Schizophrenia is associated with mesostriatal hyperdopaminergia (5), and first-line antipsychotics exert their therapeutic effects by blocking striatal dopamine transmission (6). This makes the dopaminergic system an obvious candidate biomarker for treatment resistance. Dopamine function can be efficiently measured using [18F]-DOPA positron emission tomography (PET). This technique has repeatedly been used to demonstrate that striatal dopamine synthesis capacity in people with antipsychotic treatment resistance or nonresponsive schizophrenia is lower than in those with responsive illness (710), and either lower than (7, 10) or comparable to (8, 9) healthy control subjects. It has been demonstrated that 40%–60% of nonresponders in a schizophrenia cohort (N=84) could be identified, without mislabeling a single treatment responder, by low striatal dopamine synthesis capacity alone (7). Using this model to fast-track clozapine initiation could potentially lead to health care savings of US$4,232 per patient (7). However, PET measures are limited by radiotracer availability.
Neuromelanin is a product of dopamine metabolism that can be indexed in vivo using neuromelanin-sensitive MRI (NM-MRI) without the need for a radiotracer or contrast agent (11). These factors, combined with the wide availability of MRI scanners, are potential advantages over PET. Early NM-MRI studies in schizophrenia outlined dopaminergic nuclei by manually tracing around the high signal area in the ventral midbrain. Naming of this region has been inconsistent, so we will use the term substantia nigra and ventral tegmental area (SN-VTA) throughout, given that these adjacent tissues cannot currently be distinguished using NM-MRI. The primary outcome measure from most previous studies was the SN-VTA contrast ratio (CR), calculated by comparing the mean NM-MRI signal in the SN-VTA with the signal in a reference region of minimal neuromelanin content (e.g., the crus cerebri). Meta-analysis of case-control NM-MRI studies has demonstrated greater SN-VTA CR in schizophrenia patients relative to healthy control subjects (12), but no previous studies have compared CR in people with treatment-resistant or nonresponsive schizophrenia to those with responsive illness.
Given this context, the study by van der Pluijm et al. (13) in this issue of the Journal, investigating the ability of NM-MRI to predict treatment response in schizophrenia, is particularly timely. The authors used NM-MRI of the SN-VTA in patients with first-episode psychosis and matched healthy control subjects. As per the naturalistic design, patients received antipsychotic treatment based on standard guidelines by their treating psychiatrist.

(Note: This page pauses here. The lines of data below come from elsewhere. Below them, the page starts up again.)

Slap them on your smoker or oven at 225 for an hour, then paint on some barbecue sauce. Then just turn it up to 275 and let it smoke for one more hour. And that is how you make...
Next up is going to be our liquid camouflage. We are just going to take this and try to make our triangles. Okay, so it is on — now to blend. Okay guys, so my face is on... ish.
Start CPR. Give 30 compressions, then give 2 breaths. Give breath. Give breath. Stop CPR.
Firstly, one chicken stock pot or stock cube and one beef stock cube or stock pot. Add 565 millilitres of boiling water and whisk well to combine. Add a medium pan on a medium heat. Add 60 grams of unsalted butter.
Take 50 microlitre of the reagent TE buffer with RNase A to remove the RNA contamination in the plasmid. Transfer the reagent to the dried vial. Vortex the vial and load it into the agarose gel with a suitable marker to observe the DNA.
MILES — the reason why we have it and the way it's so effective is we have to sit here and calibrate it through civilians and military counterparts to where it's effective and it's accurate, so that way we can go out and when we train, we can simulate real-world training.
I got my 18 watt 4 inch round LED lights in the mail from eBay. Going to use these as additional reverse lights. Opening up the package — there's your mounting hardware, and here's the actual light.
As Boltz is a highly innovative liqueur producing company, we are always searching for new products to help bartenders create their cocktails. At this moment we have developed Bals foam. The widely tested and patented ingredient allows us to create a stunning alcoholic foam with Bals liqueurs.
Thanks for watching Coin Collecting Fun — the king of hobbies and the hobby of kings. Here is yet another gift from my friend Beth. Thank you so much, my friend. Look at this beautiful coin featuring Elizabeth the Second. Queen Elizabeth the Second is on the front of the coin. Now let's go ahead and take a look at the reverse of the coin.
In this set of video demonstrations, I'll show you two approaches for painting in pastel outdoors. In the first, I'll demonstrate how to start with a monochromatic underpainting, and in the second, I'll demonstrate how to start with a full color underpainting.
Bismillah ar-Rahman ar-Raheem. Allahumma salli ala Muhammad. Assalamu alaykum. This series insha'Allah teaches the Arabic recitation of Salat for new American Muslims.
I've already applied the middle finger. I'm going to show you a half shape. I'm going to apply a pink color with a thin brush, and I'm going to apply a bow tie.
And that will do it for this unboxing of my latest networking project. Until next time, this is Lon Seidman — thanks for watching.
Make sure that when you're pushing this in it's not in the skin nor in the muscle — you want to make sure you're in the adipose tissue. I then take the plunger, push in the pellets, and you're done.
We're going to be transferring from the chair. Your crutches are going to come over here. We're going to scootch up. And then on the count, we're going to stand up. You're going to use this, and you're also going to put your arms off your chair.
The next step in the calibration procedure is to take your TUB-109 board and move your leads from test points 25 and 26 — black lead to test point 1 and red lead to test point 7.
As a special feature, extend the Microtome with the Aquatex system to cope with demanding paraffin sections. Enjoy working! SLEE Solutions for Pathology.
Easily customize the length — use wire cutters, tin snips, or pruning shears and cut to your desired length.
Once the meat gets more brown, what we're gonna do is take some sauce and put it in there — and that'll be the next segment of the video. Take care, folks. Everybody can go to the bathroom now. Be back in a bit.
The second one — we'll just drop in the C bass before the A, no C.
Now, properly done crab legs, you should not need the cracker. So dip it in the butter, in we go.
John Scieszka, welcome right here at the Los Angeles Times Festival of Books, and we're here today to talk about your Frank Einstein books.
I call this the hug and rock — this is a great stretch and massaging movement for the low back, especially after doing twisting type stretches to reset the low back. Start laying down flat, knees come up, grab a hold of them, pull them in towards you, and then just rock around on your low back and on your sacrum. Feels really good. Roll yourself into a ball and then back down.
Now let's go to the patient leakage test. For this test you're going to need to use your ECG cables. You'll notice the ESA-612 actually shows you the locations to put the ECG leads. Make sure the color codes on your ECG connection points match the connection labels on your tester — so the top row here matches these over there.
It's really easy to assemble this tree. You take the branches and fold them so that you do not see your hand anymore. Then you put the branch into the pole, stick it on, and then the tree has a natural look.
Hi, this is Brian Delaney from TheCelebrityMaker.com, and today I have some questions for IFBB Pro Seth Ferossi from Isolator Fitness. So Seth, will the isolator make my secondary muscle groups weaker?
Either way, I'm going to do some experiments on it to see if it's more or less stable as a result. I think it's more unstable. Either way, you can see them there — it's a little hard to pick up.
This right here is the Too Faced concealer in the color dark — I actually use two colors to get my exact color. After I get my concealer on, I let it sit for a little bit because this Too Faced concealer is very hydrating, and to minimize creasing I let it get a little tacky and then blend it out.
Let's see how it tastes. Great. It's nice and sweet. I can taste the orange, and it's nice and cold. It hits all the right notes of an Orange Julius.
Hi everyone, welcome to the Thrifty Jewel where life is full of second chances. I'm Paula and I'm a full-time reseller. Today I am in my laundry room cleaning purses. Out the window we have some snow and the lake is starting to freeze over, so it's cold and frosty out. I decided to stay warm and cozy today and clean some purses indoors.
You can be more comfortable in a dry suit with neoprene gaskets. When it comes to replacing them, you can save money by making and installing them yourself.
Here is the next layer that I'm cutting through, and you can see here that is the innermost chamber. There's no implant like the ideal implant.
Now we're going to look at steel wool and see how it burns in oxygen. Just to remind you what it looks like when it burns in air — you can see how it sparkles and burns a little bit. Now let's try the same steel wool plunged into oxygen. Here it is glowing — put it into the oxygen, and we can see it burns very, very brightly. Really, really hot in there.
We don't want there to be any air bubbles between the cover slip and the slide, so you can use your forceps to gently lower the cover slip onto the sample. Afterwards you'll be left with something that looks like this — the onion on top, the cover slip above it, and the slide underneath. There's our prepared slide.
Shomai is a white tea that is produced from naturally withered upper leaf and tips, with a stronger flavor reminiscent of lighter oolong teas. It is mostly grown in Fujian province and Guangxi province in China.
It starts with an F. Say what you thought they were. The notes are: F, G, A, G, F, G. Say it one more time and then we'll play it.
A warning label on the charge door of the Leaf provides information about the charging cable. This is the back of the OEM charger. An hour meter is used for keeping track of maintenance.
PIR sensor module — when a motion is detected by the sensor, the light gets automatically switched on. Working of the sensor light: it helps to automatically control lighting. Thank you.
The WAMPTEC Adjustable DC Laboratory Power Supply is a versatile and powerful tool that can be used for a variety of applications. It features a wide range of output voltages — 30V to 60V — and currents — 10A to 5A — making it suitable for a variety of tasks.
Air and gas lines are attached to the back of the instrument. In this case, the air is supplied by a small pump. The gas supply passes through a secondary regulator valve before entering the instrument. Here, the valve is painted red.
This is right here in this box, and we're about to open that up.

At 6 months, patients were reassessed and classified as treatment nonresponders or responders, and a follow-up NM-MRI scan was performed. Patients also received clinical ratings on the Positive and Negative Syndrome Scale (PANSS).
Of the 62 patients included in the NM-MRI analysis, 47 were responders and 15 nonresponders to first-line antipsychotic treatment. Twenty matched healthy control subjects underwent baseline NM-MRI. Of the patient group, 37 also had a follow-up NM-MRI. Voxel-wise analysis revealed that 297 of 1,807 SN-VTA voxels, predominantly in the ventral SN-VTA, were associated with significantly higher CR for responders compared with nonresponders. While there was a group effect on the mean whole SN-VTA CR (p=0.02), there was no significant difference in values between any two groups. Identifying nonresponders by low CR in the voxel-wise analysis had moderate diagnostic ability (leave-one-out area under the curve=0.62; whole SN-VTA area under the curve=0.68).
Strengths of this paper include its being the first to compare NM-MRI across treatment response groups and identifying voxels of significant difference. The authors used a processing pipeline for which correlation between CR and regional neuromelanin concentration had been validated on postmortem midbrain specimens (14). Patients were recruited early in their illness, most within several weeks of an inpatient admission. This, alongside a limited period of medication use prior to baseline scanning, reduced the risk of confounding effects related to illness duration or prior treatment. The authors obtained a relatively large sample size for this type of study, likely adequately powered to assess the primary hypothesis.
The use of a voxel-wise approach instead of analyzing CR for a predefined SN-VTA region of interest has some advantages. Because the region-wise approach gives equal weighting to each masked voxel, it cannot examine subregion differences. These differences may be important given the heterogeneous nature of SN-VTA dopamine function. Masks are kept small to reduce the risk of including non-region voxels at the expense of omitting voxels where group differences could be seen. These limitations may account for the modest patient-control effect size demonstrated on meta-analysis of previous region-of-interest studies (standardized mean difference=0.37, 95% CI=0.14, 0.59) (12). This is notably lower than effect sizes associated with striatal [18F]-DOPA PET studies (standardized mean difference=0.79, 95% CI=0.52, 1.07) (5). As the voxel-wise approach can confine analysis to significant voxels within the mask, it may have greater power to detect group differences. This also means that larger masks can be used to capture more of the region with less effect of nonsignificant voxels on the final results.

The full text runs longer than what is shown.